Bear Story (Gabriel Osorio Vargas; Chile)
Mythic and bittersweet, this one is about an aging bear who shares his life story through an impossibly intricate mechanical diorama. We see the bear ripped away from his family by evil circus masters (an obvious but effective symbol for the dictatorial oppression of Pinochet) and forced to perform increasingly dangerous and demeaning stunts. Slight and sweet.
Prologue (Richard Williams; UK)
An interesting use of space here, as the frame swoops around and over a few menacing figures, seemingly uncertain whether they’re fighting each other or some unseen, off-page enemy. The comic book-style pencil drawings look like something my friend Tim would have passed me in a high school math class, so it’s got that going for it, but mostly this feels like a half-realized exercise. A last-second twinge of conscience hurts more than it helps, especially since it arrives right after someone gets stabbed in the asshole.
Sanjay’s Super Team (Sanjay Patel; USA)
The obligatory Pixar entry, this one played before The Good Dinosaur during its theatrical run, so you probably didn’t see it (domestic box office zing!). It’s a heartfelt, colorful, semi-autobiographical story about bridging cultural and generational gaps…so why didn’t I like it very much? Probably because the intersection of religious fervor and comic book fandom sits about as far away from my own heartstrings as you can get.
Live-Action Short Nominees (ranked from best to worst)
Everything Will Be Okay (Patrick Vollrath; Germany/Austria)

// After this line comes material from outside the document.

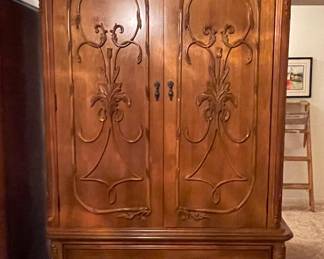 ANTIQUE ARMOIRE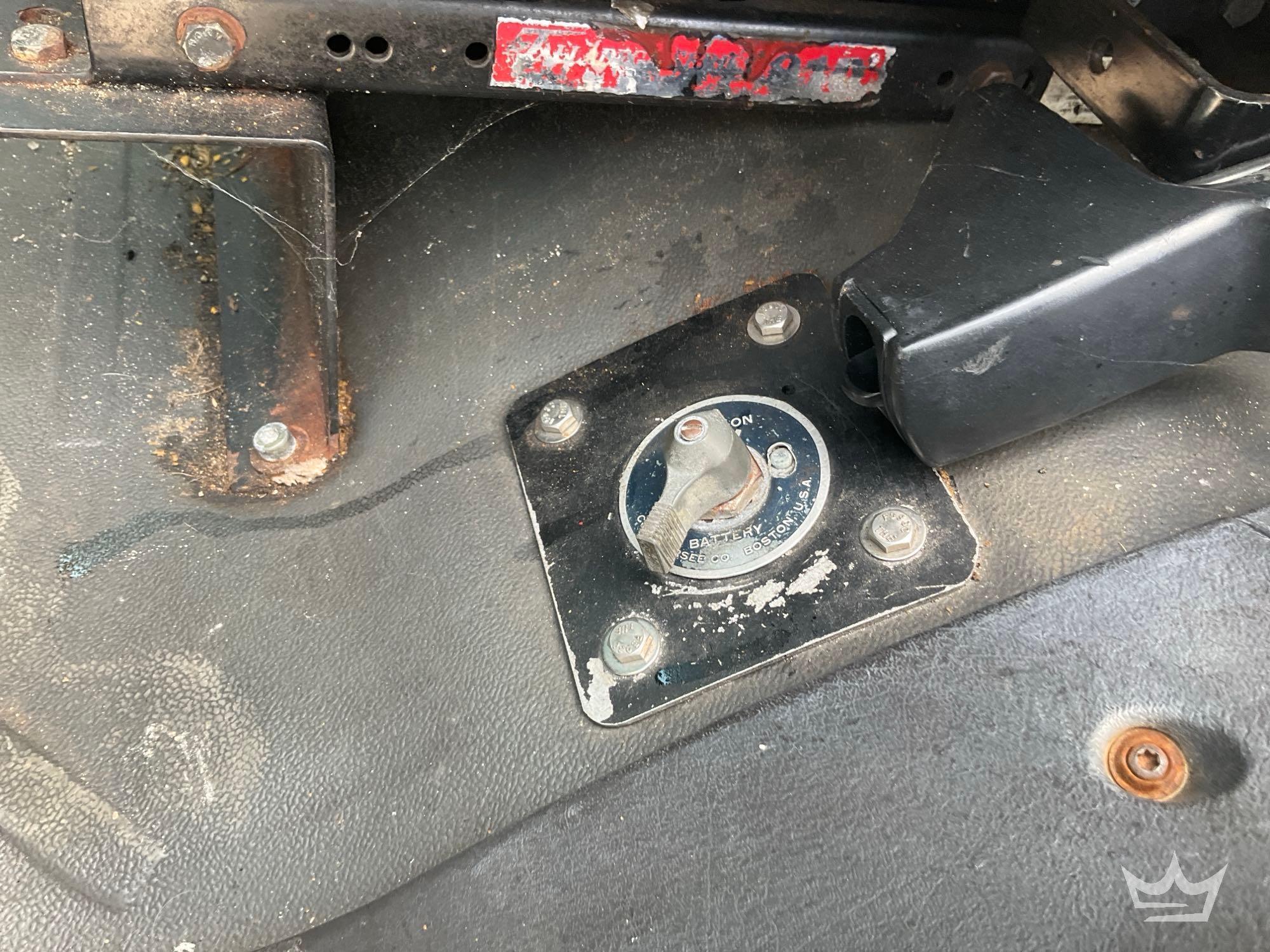 2003 Freightliner M2 106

Clocking in at exactly 30 minutes, this is the longest of the shorts, and also the best. A mini-Dardenne slice of banal desperation, fully realized from innocuous start to devastating finish. It stars Simon Schwarz as a divorced father spoiling his young daughter over their joint custody weekend, although it doesn’t take long to realize that his goals are far scarier. Only 30 years old, writer-director Patrick Vollrath is already a prolific director of short films (according to his IMDB page, this is his seventh), and he’s a filmmaker I plan to keep an eye on.
Ave Maria (Basil Khalil; Palestine/France/Germany)
In a largely grim field, an irresistible morsel of irreverent levity. An Israeli family crashes their car outside of a convent on the Palestine border, setting off a series of events that causes both Jews and Catholics to abandon their religious convictions. Ave Maria offers 15 minutes of nonstop sight gags (a beheaded Virgin Mary statue bleeding oil; holy water poured into a carburetor) and relentless energy without ever breaking a sweat. It’s a blast.
Shok (Jamie Donoughue; UK/Kosovo)
An emotionally resonant but weirdly impersonal memory piece about an abandoned bicycle that inspires a flashback to a charged childhood memory. Most of the film takes place in Kosovo during the 1990s, when ethnic tensions between Albanians and Serbs escalated into war, but the story revolves around the severely tested friendship of two Albanian boys caught in the middle. A good story, well-acted and directed, but the script is a mess, simultaneously underwritten and overwritten.
Stutterer (Benjamin Cleary; UK)
A likable but uneven romantic comedy about a lonely young man with a speech impediment, and the anxiety he feels over meeting his online girlfriend for the first time. At times a funny and observant character study, at others an insufferably narcissistic shoegazer. Maybe it’s just weird to me that anyone would want to become the next Richard Curtis, as Cleary clearly does.
Day One (Henry Hughes; USA)
The only film of the ten that I would call “bad,” a grossly slick war movie about a female military interpreter’s hellish first day on the job. There are some impressive shots, but it feels like Hughes only made this to prove that he could direct the films that Marc Forster and James Mangold reject.